THE PROBLEM »
Reproduce verbatim the line containing "Ed Sheeran Tour" and every line that follows it through the end of the entries below, omitting all pictures.

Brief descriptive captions
▽
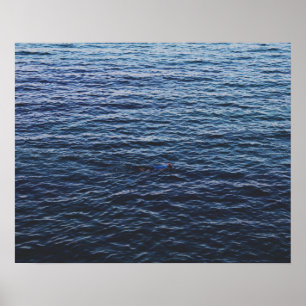 Beautiful Ocean Poster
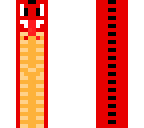 red snake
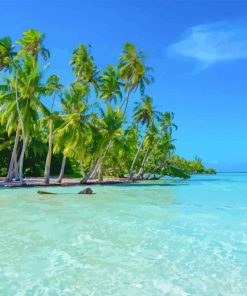 Tahaa Island Diamond Painting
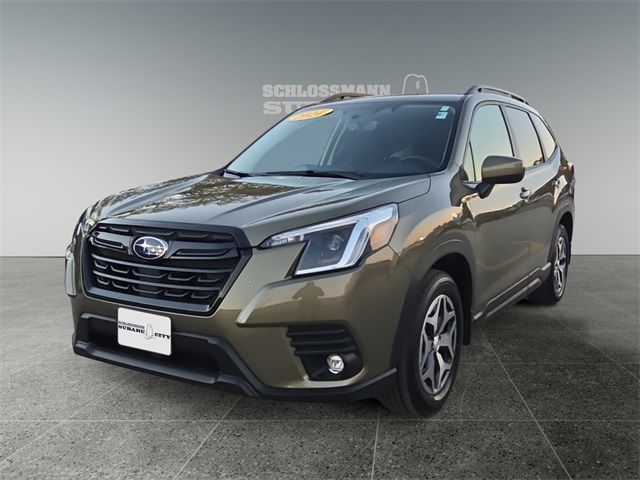 2024 Subaru Forester Premium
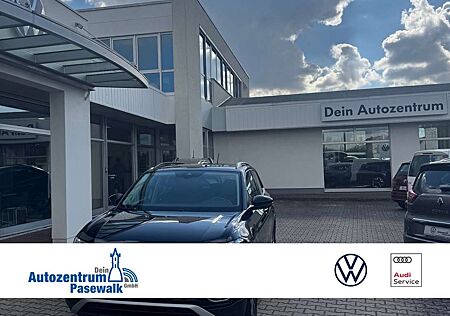 VW T-Cross Volkswagen 1.0 TSI Active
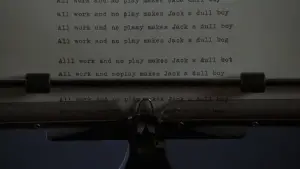 Backdrop to the movie "The Shining" #520324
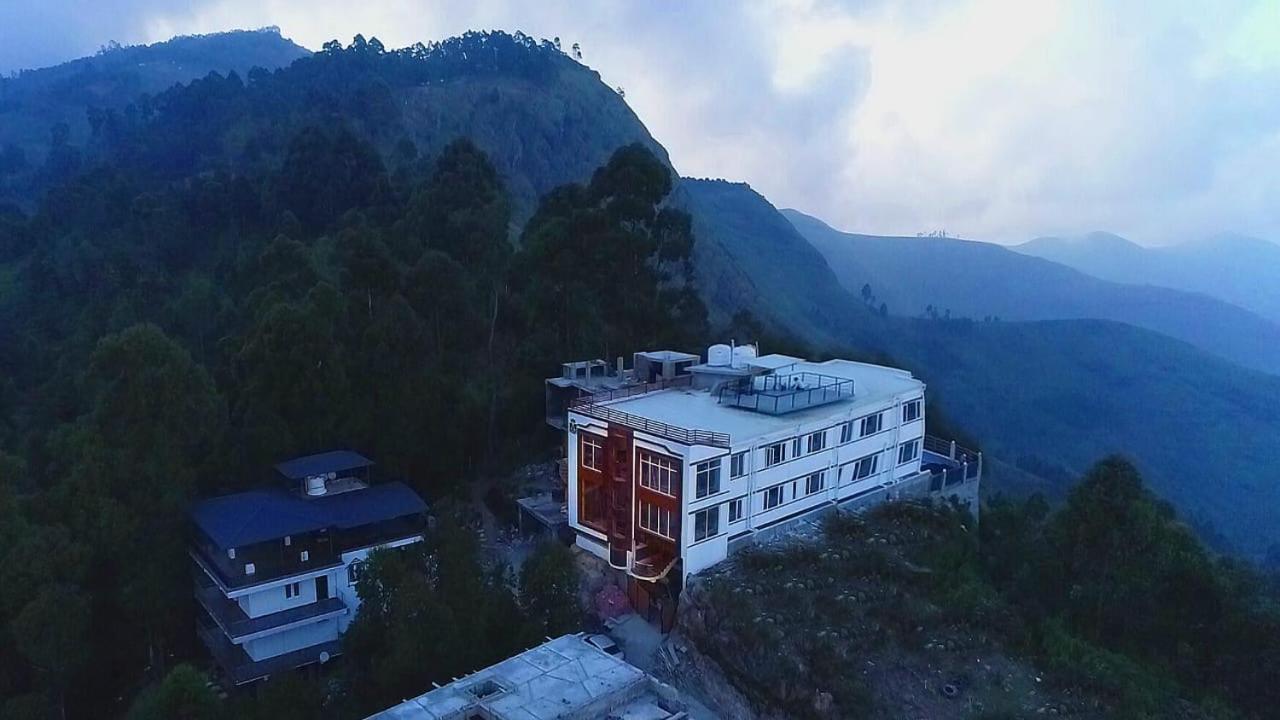 Minus 1 Hotel Kodaikanal Buitenkant foto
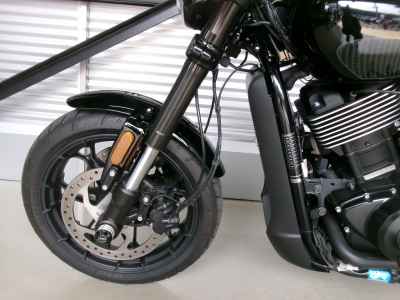 Harley-Davidson Street Rod XG750A 2019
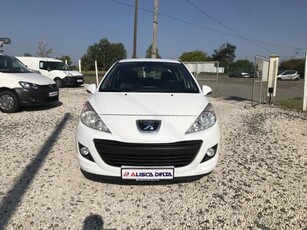 PEUGEOT 207 1.4 Access Benzin/LPG gázüzem!!! KITERJESZTETT MŰSZAKI GARANCIÁVAL!!!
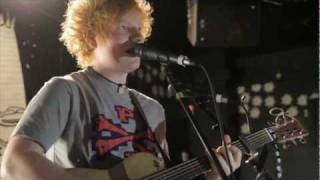 Ed Sheeran Tour Diary 2011 Part 2 [upl. by Ahsehat394]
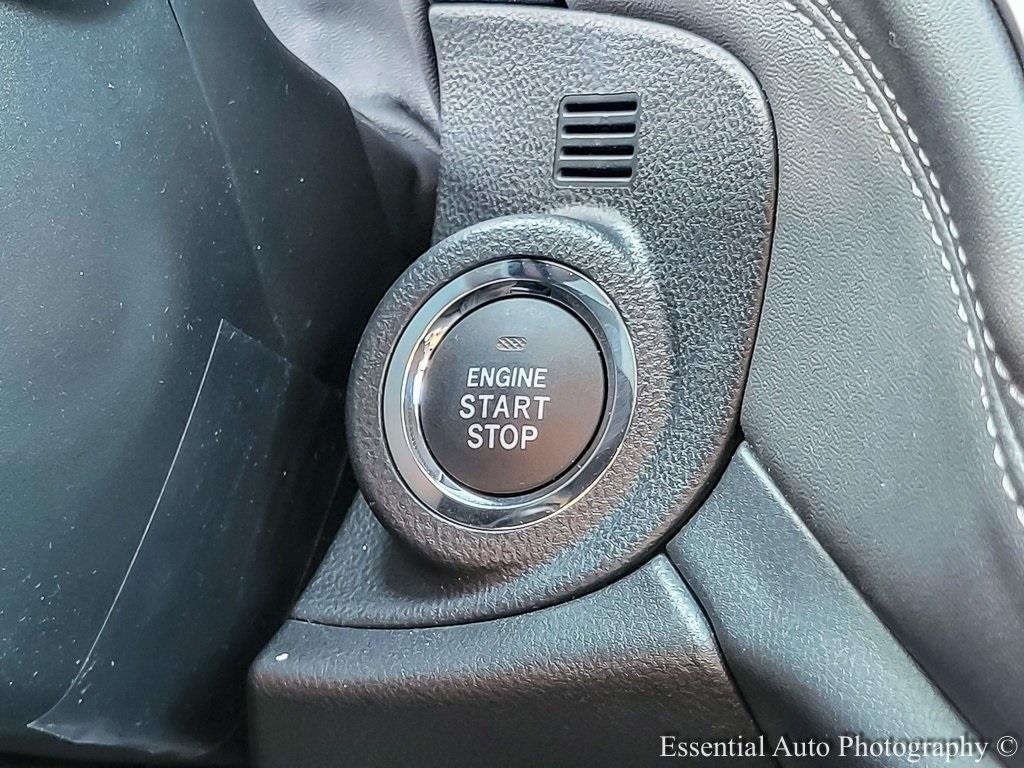 used 2025 Subaru Legacy car, priced at $36,700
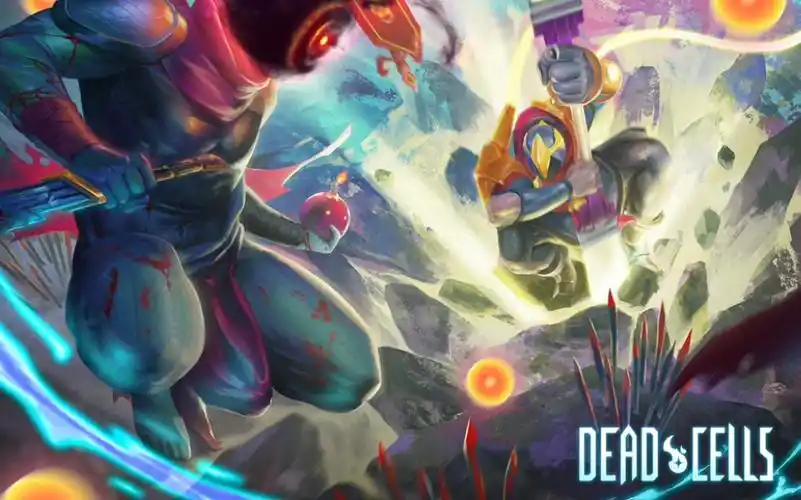 死亡细胞四细胞第一次无伤王手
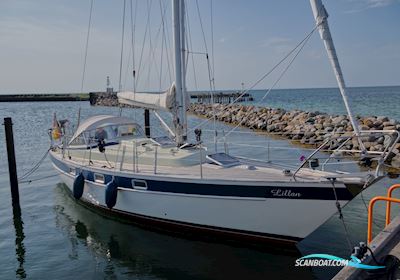Hallberg Rassy 312 Segelboot 1981, mit Volvo Penta MD2030 motor, Deutschland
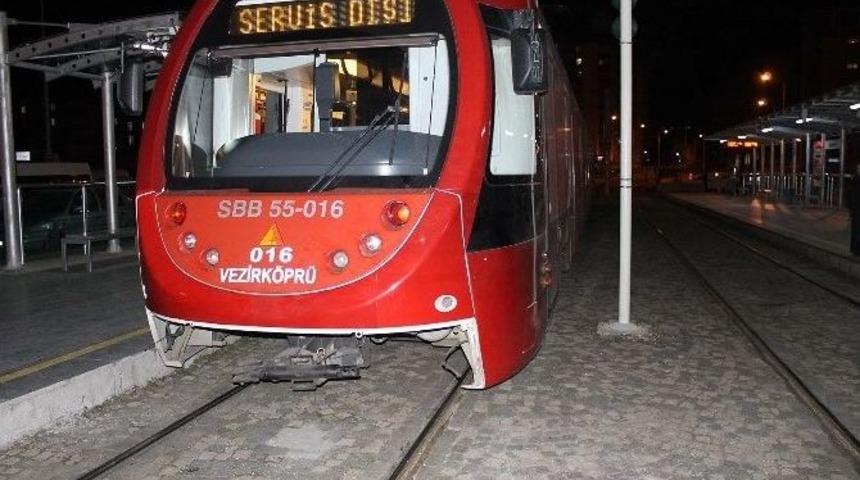 Raylı Sistemdeki Teknik Aksaklık Giderildi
△
WRITTEN REPLY »
 Ed Sheeran Tour Diary 2011 Part 2 [upl. by Ahsehat394]
 used 2025 Subaru Legacy car, priced at $36,700
 死亡细胞四细胞第一次无伤王手
Hallberg Rassy 312 Segelboot 1981, mit Volvo Penta MD2030 motor, Deutschland
 Raylı Sistemdeki Teknik Aksaklık Giderildi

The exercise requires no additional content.